_Task details:_ Once the images are set aside, return every entry exactly.

*** Data ***

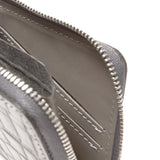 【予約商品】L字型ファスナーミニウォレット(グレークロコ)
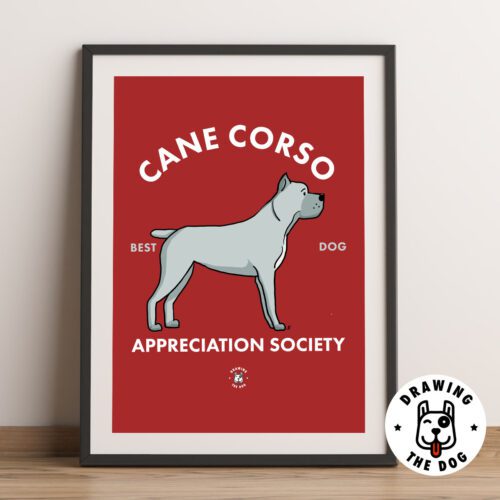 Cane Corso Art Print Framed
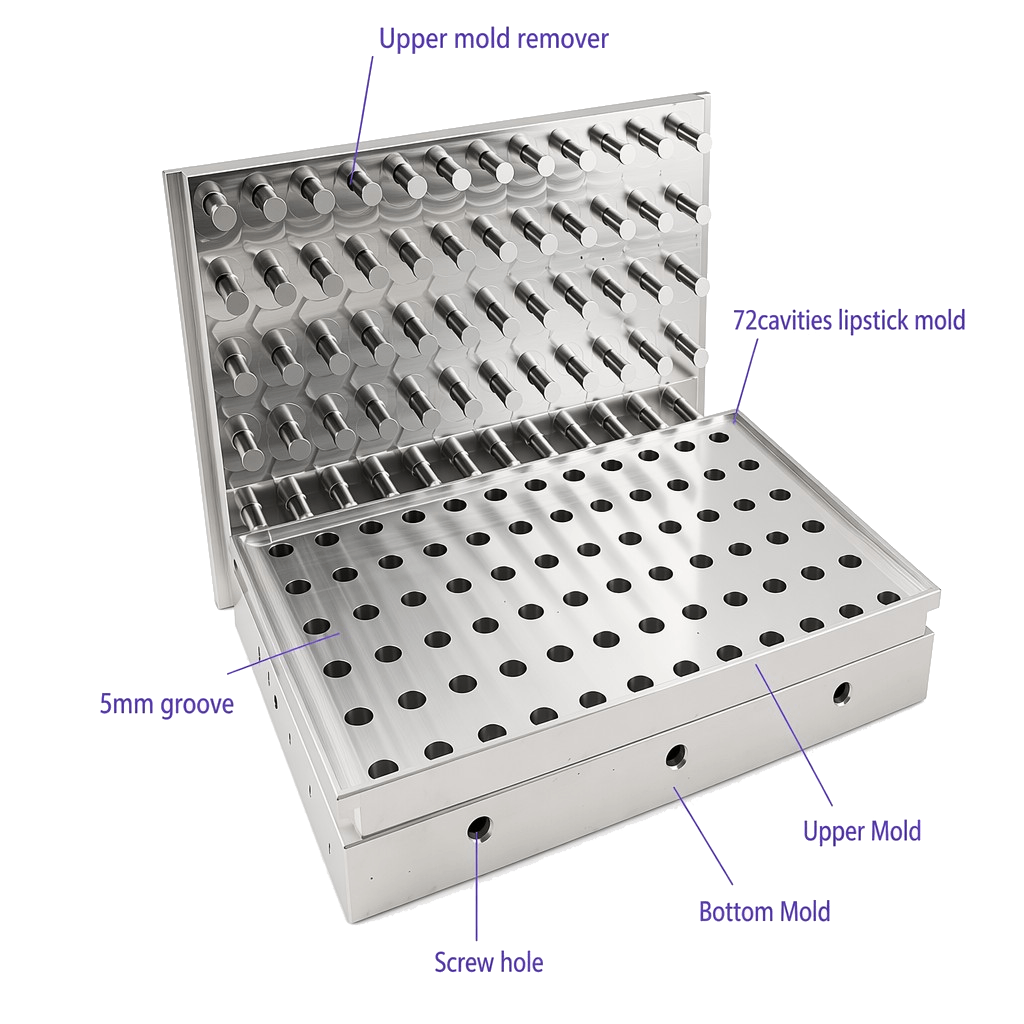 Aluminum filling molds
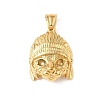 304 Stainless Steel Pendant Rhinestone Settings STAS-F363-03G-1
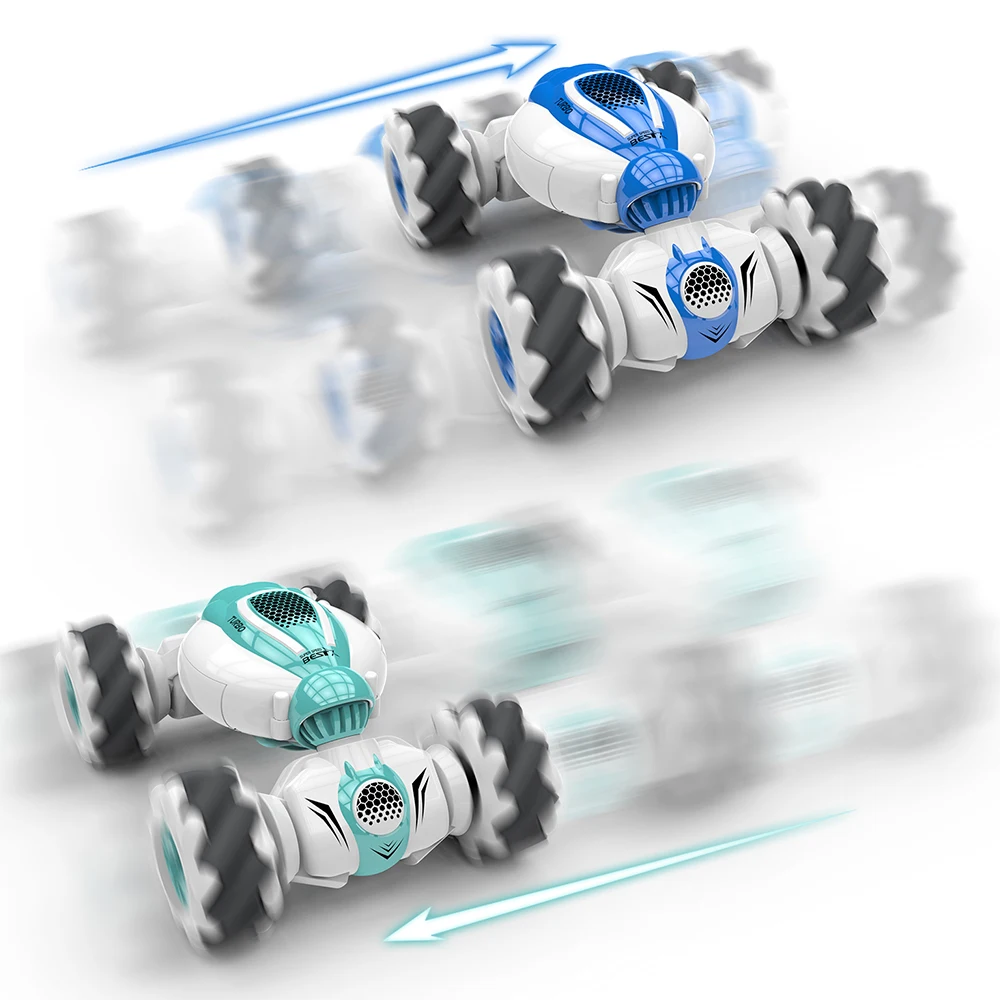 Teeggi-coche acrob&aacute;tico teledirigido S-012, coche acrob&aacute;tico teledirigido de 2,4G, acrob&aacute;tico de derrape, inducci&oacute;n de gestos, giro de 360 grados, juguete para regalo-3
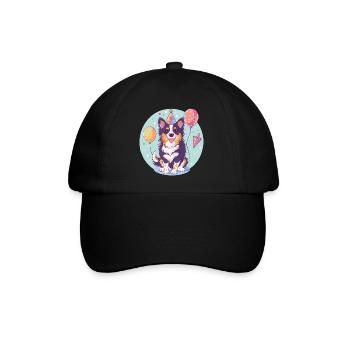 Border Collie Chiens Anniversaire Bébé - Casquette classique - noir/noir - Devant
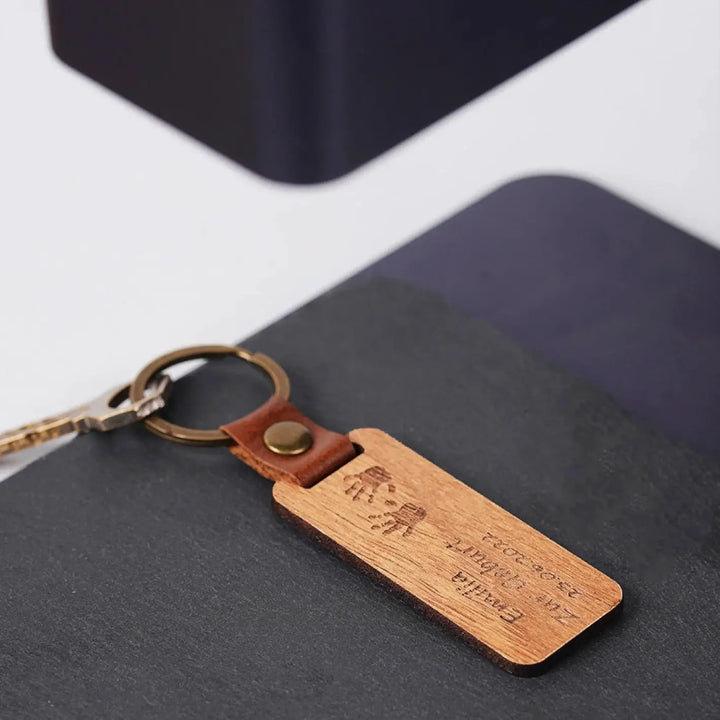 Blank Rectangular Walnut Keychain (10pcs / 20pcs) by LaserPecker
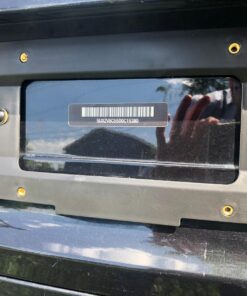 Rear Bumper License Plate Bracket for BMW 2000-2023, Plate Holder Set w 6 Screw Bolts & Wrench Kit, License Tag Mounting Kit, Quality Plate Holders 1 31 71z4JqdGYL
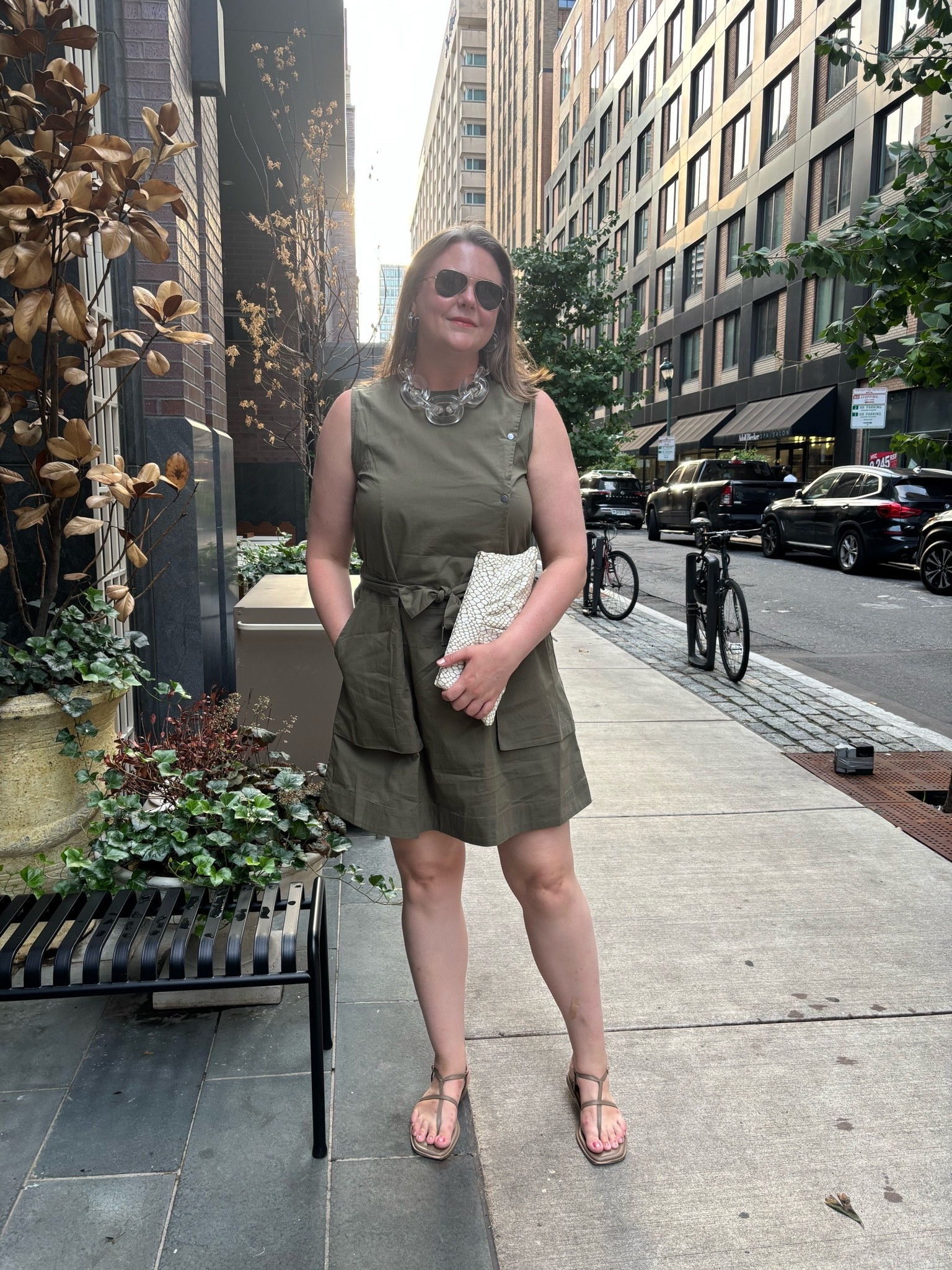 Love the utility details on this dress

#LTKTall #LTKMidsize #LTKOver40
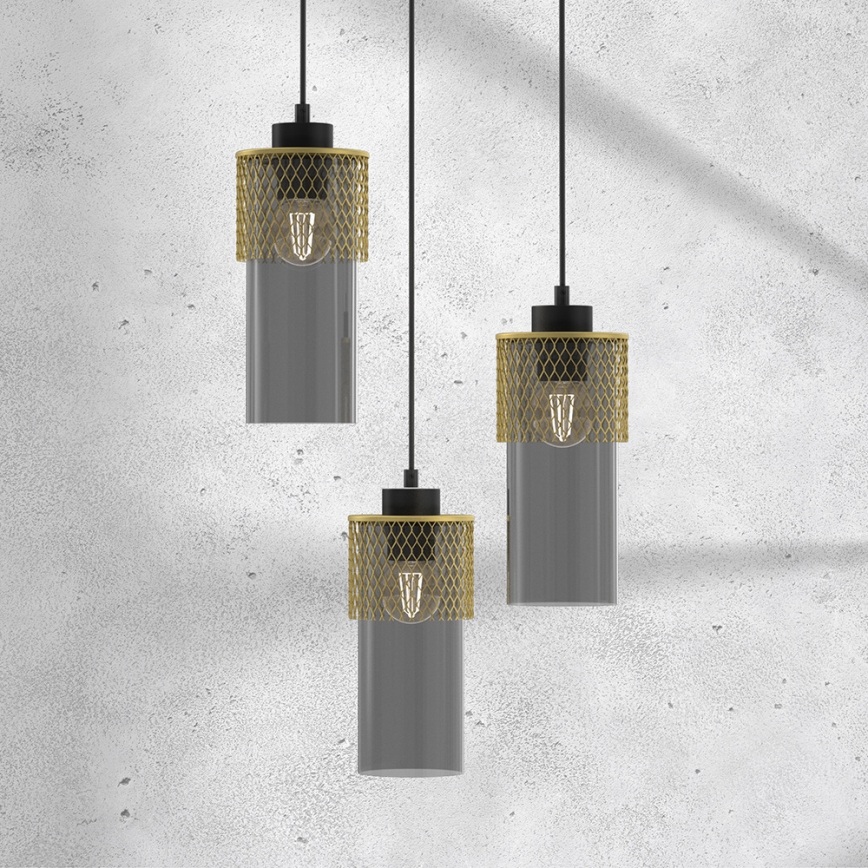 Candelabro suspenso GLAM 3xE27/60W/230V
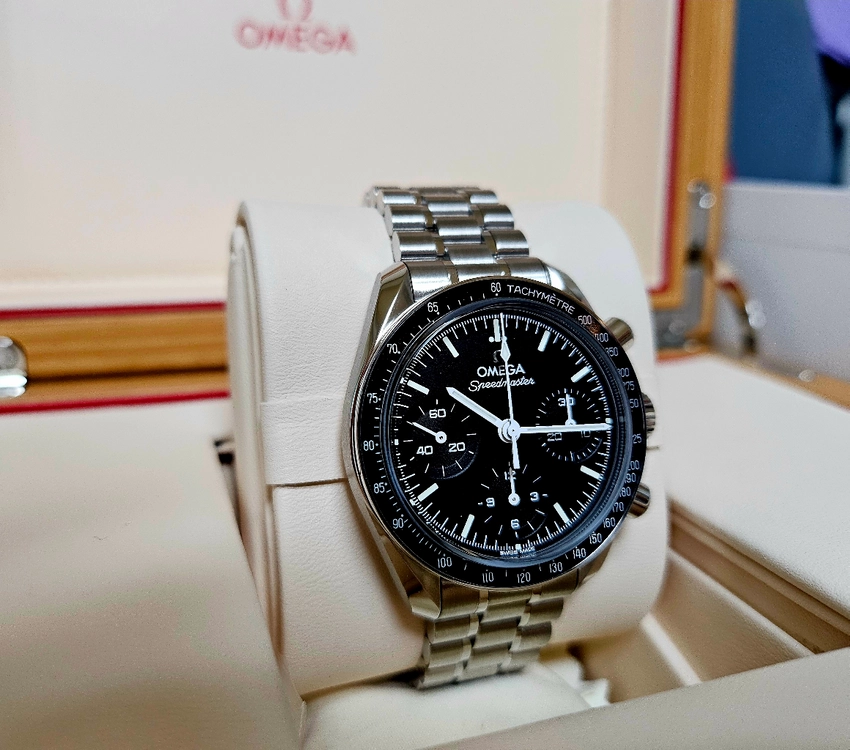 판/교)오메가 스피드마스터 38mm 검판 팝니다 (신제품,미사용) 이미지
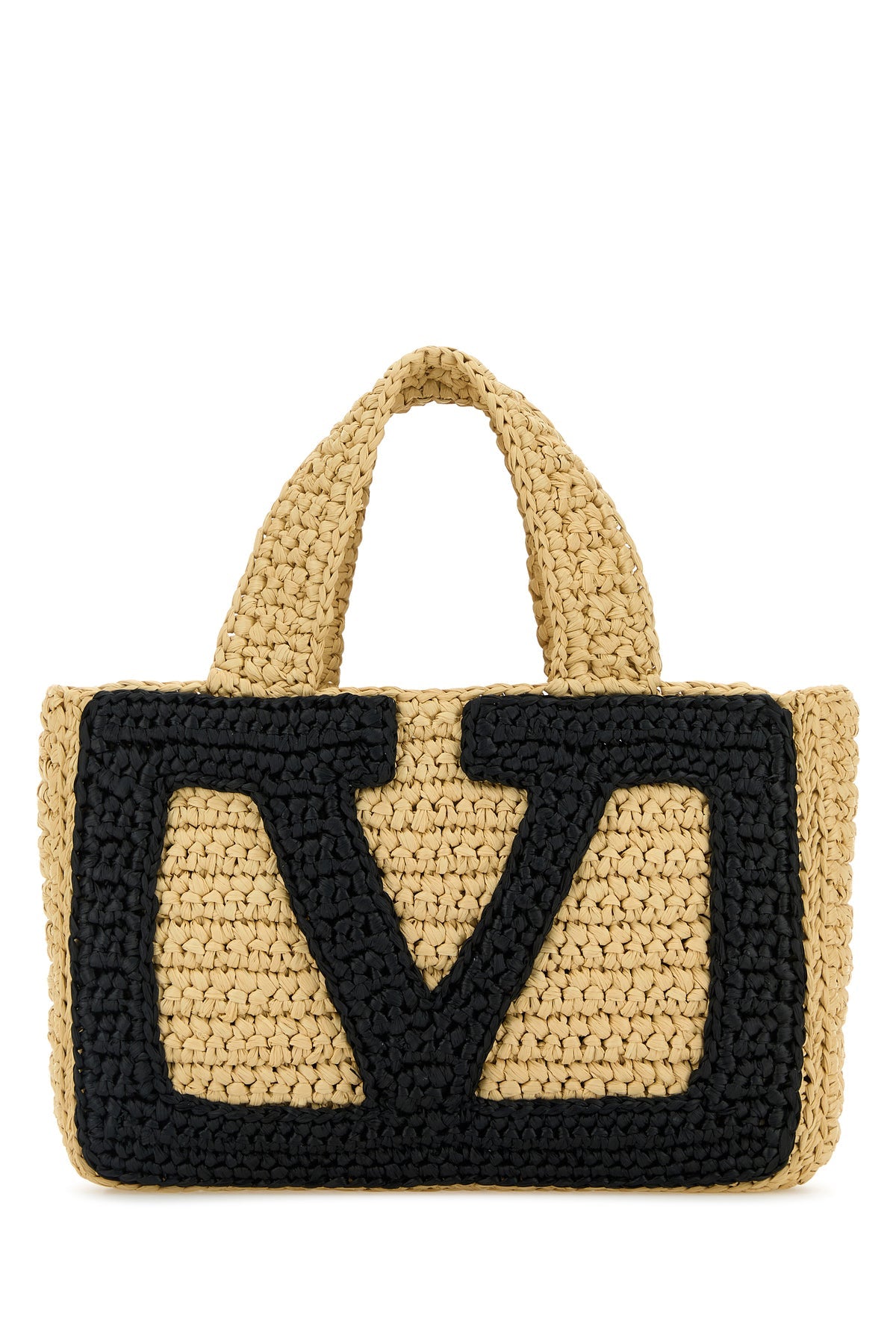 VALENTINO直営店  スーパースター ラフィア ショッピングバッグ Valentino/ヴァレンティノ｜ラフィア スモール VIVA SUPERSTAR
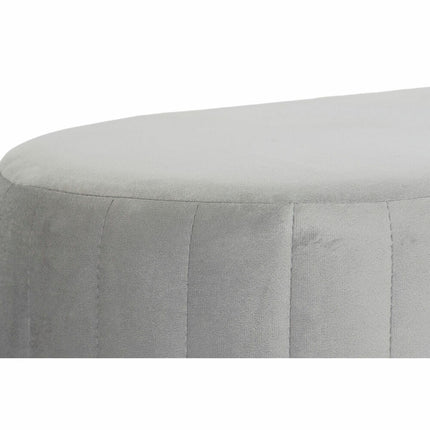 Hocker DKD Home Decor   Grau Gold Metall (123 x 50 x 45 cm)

*** End of Data ***

_Task solution:_
 【予約商品】L字型ファスナーミニウォレット(グレークロコ)
 Cane Corso Art Print Framed
 Aluminum filling molds
 304 Stainless Steel Pendant Rhinestone Settings STAS-F363-03G-1
 Teeggi-coche acrob&aacute;tico teledirigido S-012, coche acrob&aacute;tico teledirigido de 2,4G, acrob&aacute;tico de derrape, inducci&oacute;n de gestos, giro de 360 grados, juguete para regalo-3
 Border Collie Chiens Anniversaire Bébé - Casquette classique - noir/noir - Devant
 Blank Rectangular Walnut Keychain (10pcs / 20pcs) by LaserPecker
 Rear Bumper License Plate Bracket for BMW 2000-2023, Plate Holder Set w 6 Screw Bolts & Wrench Kit, License Tag Mounting Kit, Quality Plate Holders 1 31 71z4JqdGYL
 Love the utility details on this dress

#LTKTall #LTKMidsize #LTKOver40
 Candelabro suspenso GLAM 3xE27/60W/230V
 판/교)오메가 스피드마스터 38mm 검판 팝니다 (신제품,미사용) 이미지
 VALENTINO直営店  スーパースター ラフィア ショッピングバッグ Valentino/ヴァレンティノ｜ラフィア スモール VIVA SUPERSTAR
 Hocker DKD Home Decor   Grau Gold Metall (123 x 50 x 45 cm)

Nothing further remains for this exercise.